ChatGPT Speaks Back: OpenAI Launches Advanced Voice Mode
Published On: September 25, 2024
OpenAI has officially launched their highly anticipated Advanced Voice Mode for ChatGPT, bringing more natural and fluid audio chats to its premium users. This feature, which has been in the works for several months, is now rolling out to users subscribed to the Plus, Team, or Enterprise plans. The upgrade promises a more engaging and seamless interaction with ChatGPT, marking a significant step forward in conversational AI.
The new voice feature allows users to engage in real-time voice conversations with ChatGPT. One key advantage of Advanced Voice Mode is its ability to handle interruptions—users can stop ChatGPT mid-sentence, and the model will adapt accordingly. The rollout also introduces nine different voices for users to choose from, and users can further customize their audio experience through the app’s settings.

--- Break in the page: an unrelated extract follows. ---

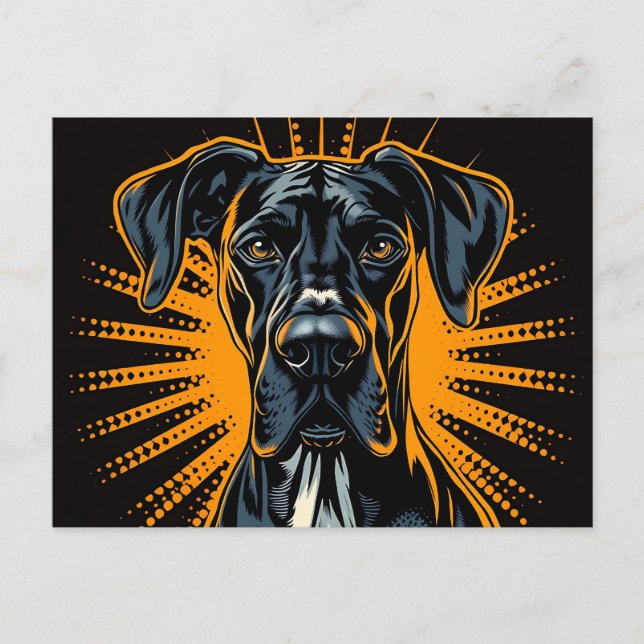Great Dane in Retro Comic Style Postcard (Front)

Advanced Voice Mode makes full use of OpenAI’s multimodal capabilities powered by GPT-4, enabling more natural back-and-forth communication. This innovation sets them apart from competitors like Google’s Gemini Live, which relies on text-to-speech (TTS) and speech-to-text (STT) engines for interaction. Unlike Gemini Live, ChatGPT's voice feature supports direct audio input and output, making the interactions more fluid and conversational.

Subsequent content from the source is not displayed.